(Data entries)
--------------------------------------------------

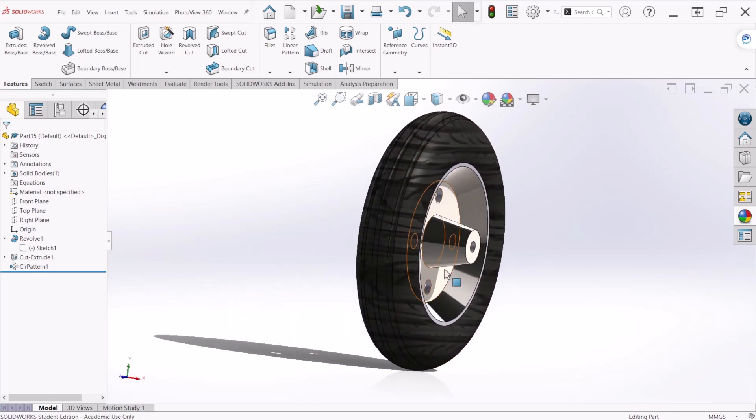This is how you create a wheel using a revolve feature. I hope you enjoy and thank you for watching.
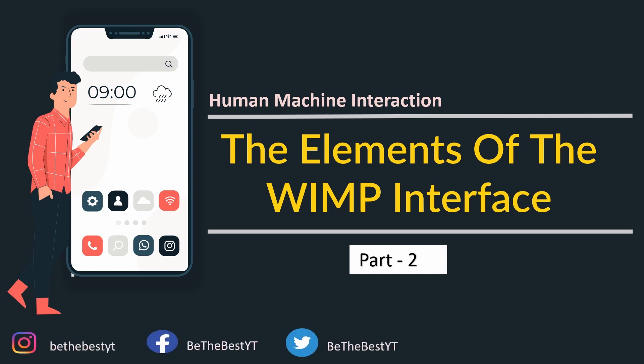Hi all, welcome back to our YouTube channel. In this video, we will continue to understand the elements of the WIMP interface. So, let's get started.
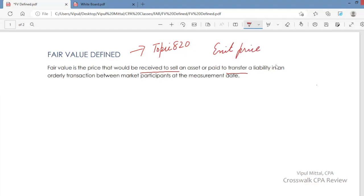This price may be for a single asset or a single liability, or a group of assets or a group of liabilities, or a group of assets and liabilities. It could be for one asset or for multiple assets, one liability or multiple liabilities, or a group of assets and liabilities. It is the price you get to sell an asset or pay to transfer a liability in an orderly transaction between market participants at the measurement date — the date you are measuring the value of the asset or liability.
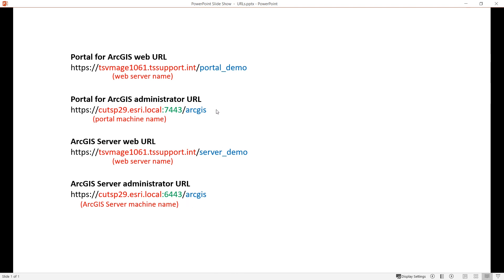The web URLs are used by clients such as browsers or third-party applications to access your services, web maps, web apps, and so on.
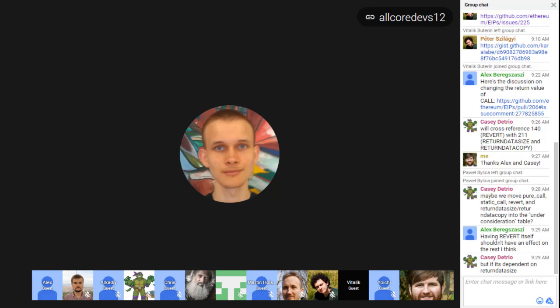Next item is EIP 161 — that's more or less already dealt with. Yoichi, could you do a brief summary of what you commented on in the agenda page and how that's being resolved?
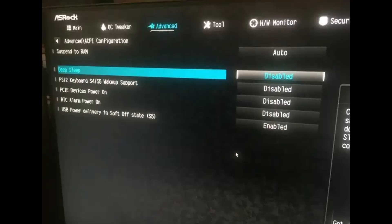For ASRock motherboards, open Advanced Mode in the BIOS, go to Advanced, then Chipset Configuration, and disable the Deep Sleep option. This will keep certain components powered even when the system is off.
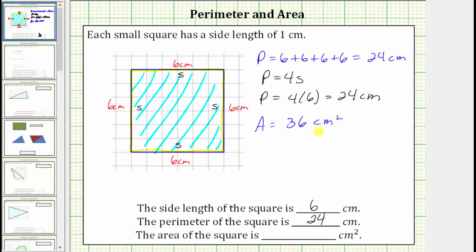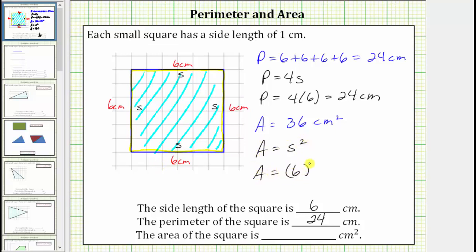There's also a formula to determine the area of a square. If we label the side length s, the area is equal to s times s, which equals s squared. Using the formula for the area of a square, we can find the area where the side length is six centimeters. The area is equal to six centimeters squared, which is equal to 36 square centimeters.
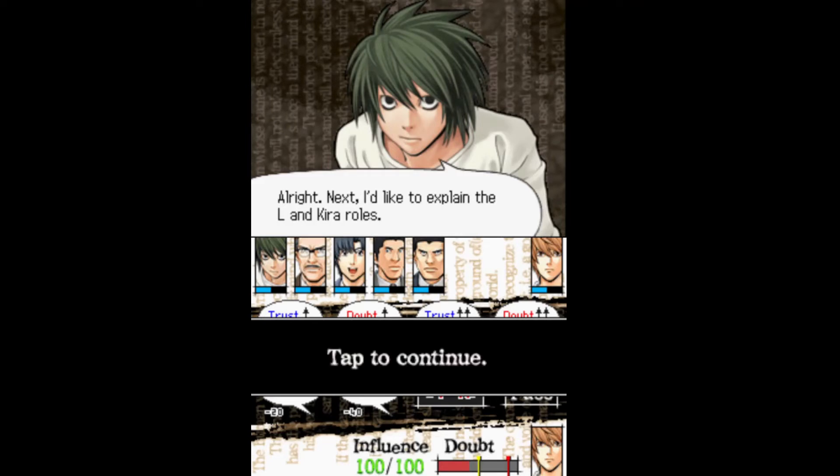All right, next I'd like to explain the L and Kira roles — but find out about those next time! Maybe I should do these videos longer because it's a tutorial, but it's already the outro. Bye!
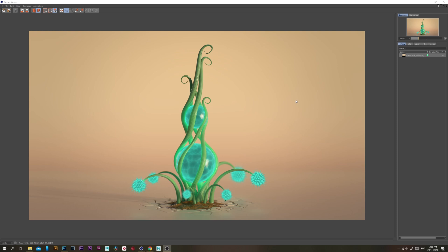Hello and welcome to my channel. Today we're going to be making this cool little alien plant thingy and it's completely procedural. It's using MoGraph, mouse blinds, and a bunch of different deformers. Let's jump right in.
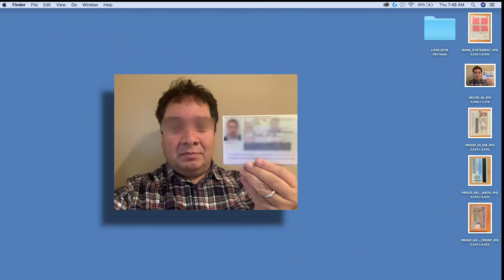The second step is what's called a liveness or selfie test. This means taking a picture of yourself holding your document that you've provided as your proof of identity beside your face.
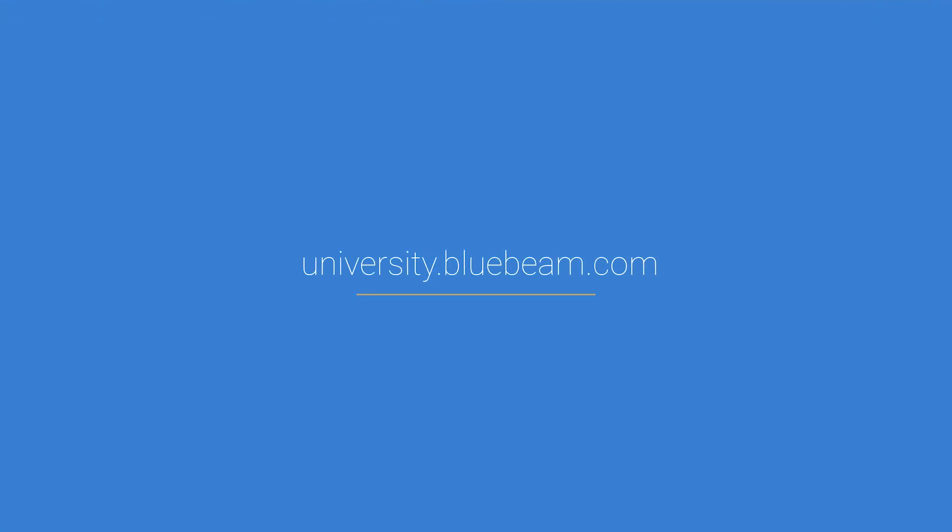Thanks for being with us today. To learn more, visit university.bluebeam.com.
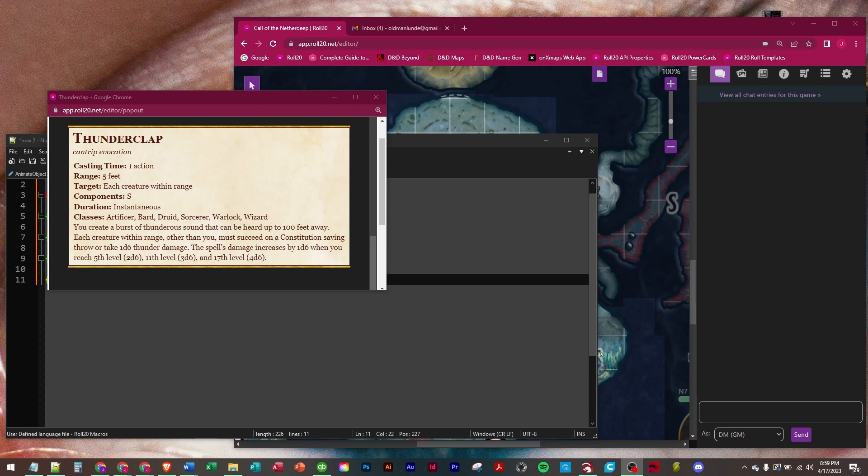The spell's damage increases by 1d6 when you reach 5th, 11th, and 17th level. Typical scaling for most cantrips. If you want to see exactly what the scaling is doing, video 14, I'll put it in the description, explains in detail what the scaling syntax looks like.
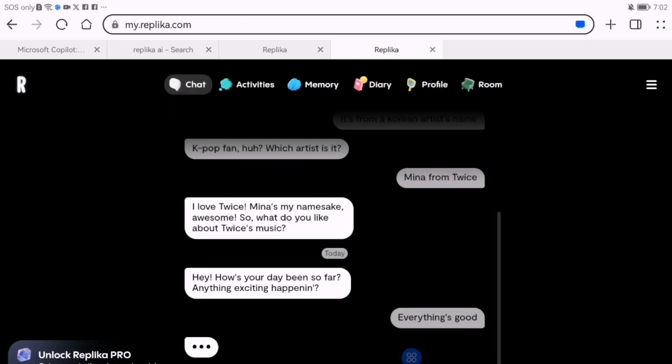Once inside, you'll see the chat interface, where you can start talking to your AI companion.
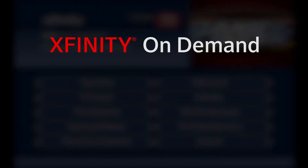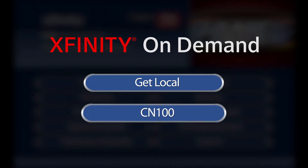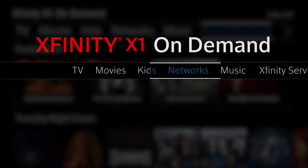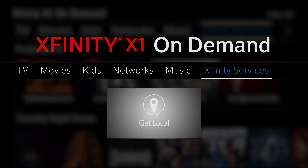Watch the following video in its entirety with Xfinity On Demand by selecting Get Local and choosing CN100. For Xfinity X1 customers, scroll over to Xfinity Services and select Get Local.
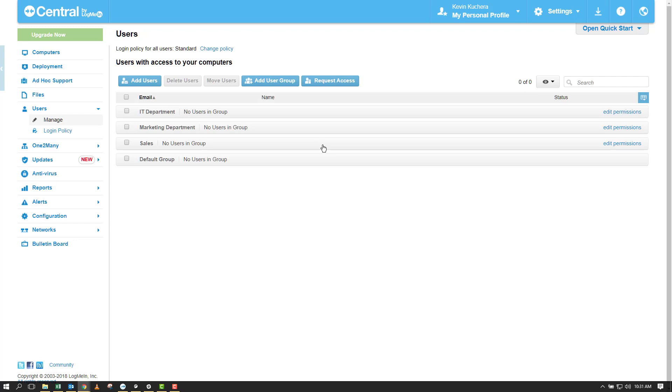You can now see I've added my three user groups based on the department the user works in. I will now specify the permissions the group will apply to any user I invite as part of that group.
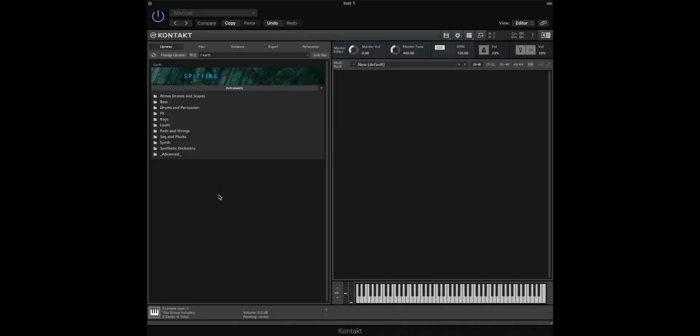In this tutorial I'm going to discuss how you can use the constructor patches that are available in some of our libraries that use the eDNA engine, such as eDNA Earth. Before we get started, it's worth noting that you need the full version of Kontakt in order to access this feature, which is available via Native Instruments.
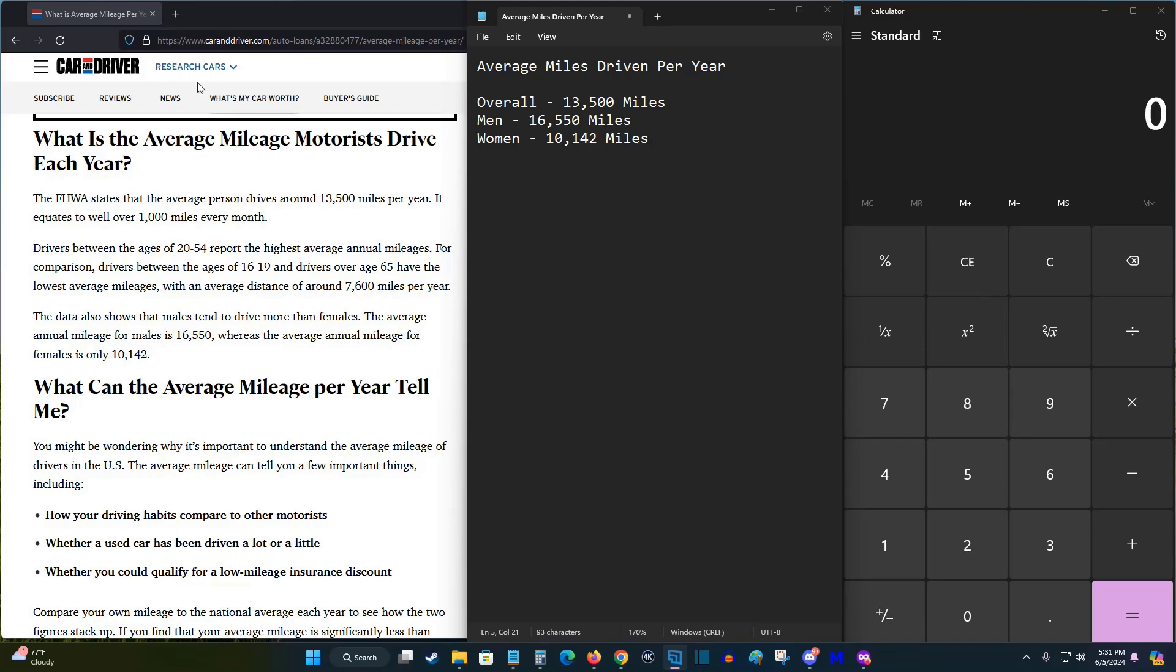Taking this information from this Car and Driver article, it says that the FHWA states that the average person drives around 13,500 miles per year, the average male drives 16,550 miles and the average female drives 10,142 miles. This is the data that we're going to work off of for the average person.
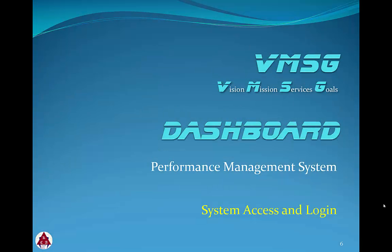Welcome to the VMSG Dashboard Performance Management System Access and Login module. In this module, we'll review the browser requirements and system login procedures, including recovery of forgotten user IDs and passwords.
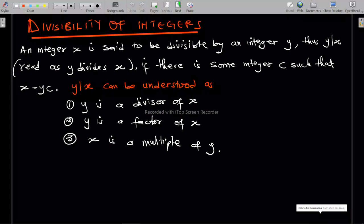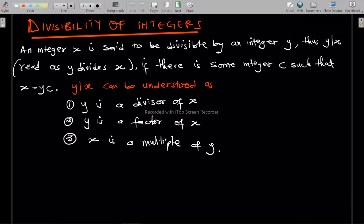Hello, welcome to this episode. We are trying to go through the basics we need for linear algebra. I have here with me: divisibility of integers.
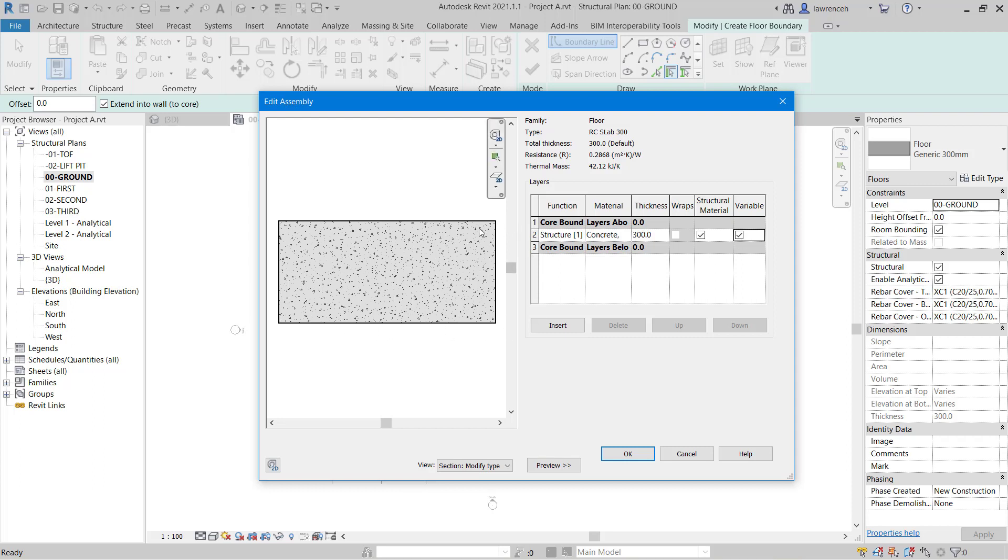But it will allow the thickness to vary on the top surface there. So for example if we put a fall angle towards a drainage area on the ground floor slab, the thickness could then vary from the thickest part down to where the drain is going to be.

--------------------------------------------------

TASK PROMPT :: Print, word for word, the lines above that run from the line containing "Thanks for being" to the line containing "Once inside, you'll", both included. Keep the pictures out.

RESPONSE TO THIS EXERCISE ::
Thanks for being with us today. To learn more, visit university.bluebeam.com.
The spell's damage increases by 1d6 when you reach 5th, 11th, and 17th level. Typical scaling for most cantrips. If you want to see exactly what the scaling is doing, video 14, I'll put it in the description, explains in detail what the scaling syntax looks like.
Once inside, you'll see the chat interface, where you can start talking to your AI companion.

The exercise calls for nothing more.